Renovation the key in Eastside’s first home tour
By ALYSSA BROWN

Most home tours feature fancy and often palatial residences, but the first Eastside Home Tour on Sunday is an exception.

“The homes selected are not the grandest or the biggest,” Joan Nelson, coordinator of the Allen Neighborhood Center, said. “We chose those that would reflect the diversity of housing stock.”

A variety of architectural styles, including a few four-square homes and bungalows, as well as a colonial-style home and a farmhouse, are featured on the tour on eight recently renovated homes, built between 1897 and 1922.

Eastside Home Tour, 1 p.m. to 5 p.m. Sunday, June 22. Tickets $8 per person and $10 per couple in advance and $10 per person and $15 per couple at the door. The event kicks off at the Marshall Street Armory, 300 Elvin Court, Lansing, where tickets, refreshments, and guidebooks will all be available. Buses will leave every half hour. To inquire about the tour or reserve a ticket, call Travis Stein at 367-2468.

The tour is the culmination of months of work on the part of the homeowners and the Allen Neighborhood Center. The center presented a series of four workshops in the months prior to the home tour. With titles like, “What Do You Have? What Do You Want?,” “Maximizing Your Home’s Usable Space,” “21st Century Additions in a 20th Century House,” and “Embarking on Your Home Improvement Project,” each of the three-hour sessions guided more than 80 homeowners through the process of planning and executing changes to their homes.

Nelson said the Allen Neighborhood Center designed the workshops to teach people how to “create the home that you want in the home you have.” The program also included free sessions on applying for building and safety permits and home improvement loans.
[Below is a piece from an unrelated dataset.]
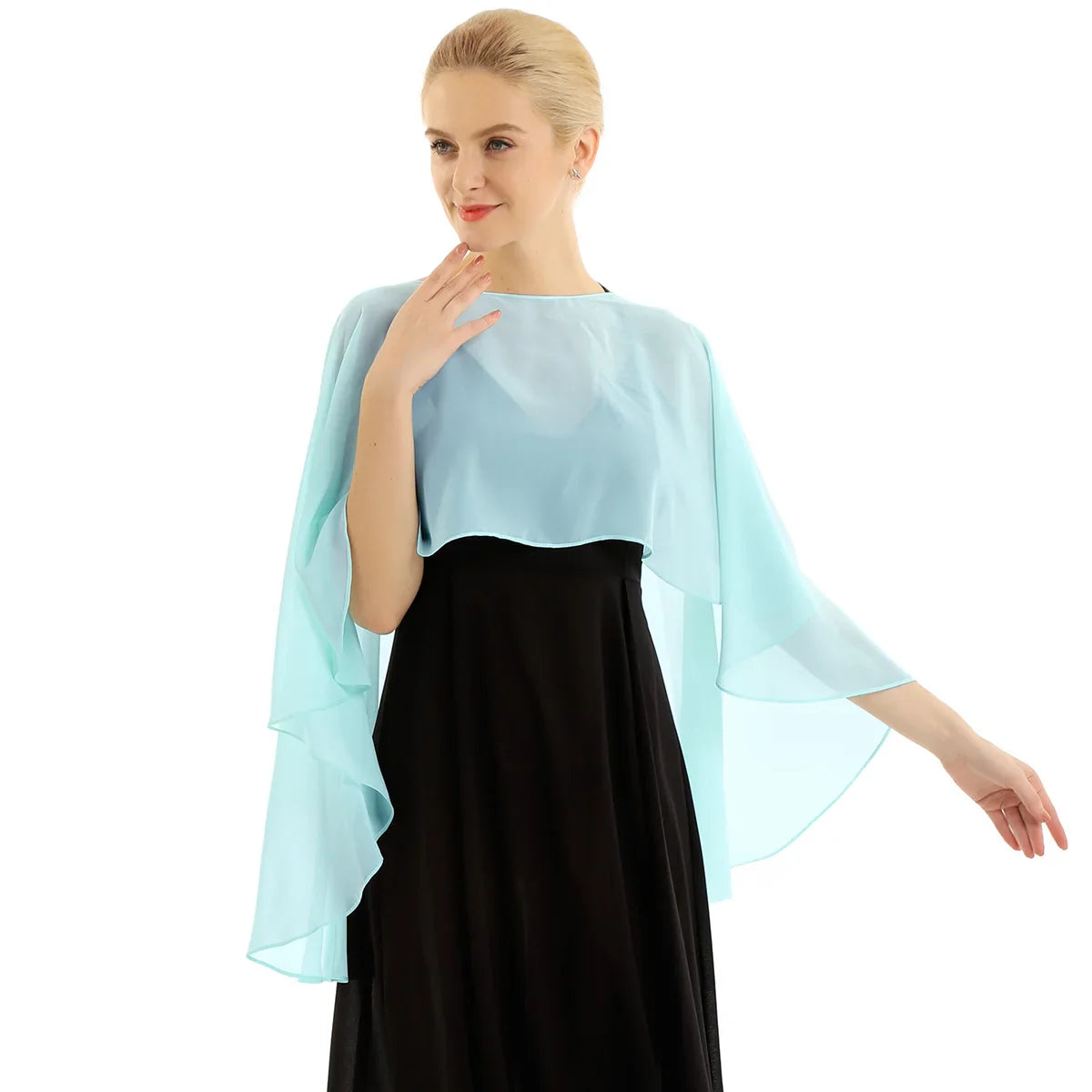 Women Chiffon Solid Pullover Capes Shawl Hi-low Hem Thin Soft Shrug Ponchos for Wedding Bridal Bridesmaid Evening Party Dress-Dollar Bargains Online Shopping Australia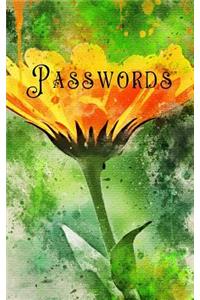 Passwords: Password Book - Premium Password Logbook - Online Organizer - Protect Sensitive Information - Orange Daisy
Plans are already in the works to create a similar series of lectures for 2004. Although the overall format will be similar, the new sessions will be tailored to address concerns that arose this year. According to Nelson, “There were a lot of themes that emerged, such as porches and wet basements.”

Nelson said the eight homes will, in some cases, show interesting measures to maximize usable space. Other houses feature substantial additions.” Ultimately, Nelson hopes these creative renovations will inspire others to look at their homes in a new light. She said people will see “what has been done and what they can also do.”

Visitors will see just what happens during construction at one house on the route. Nelson said, “You walk in there, and there are no walls.” The entire renovation process there has been filmed, and visitors will be invited back to see the finished project in six months.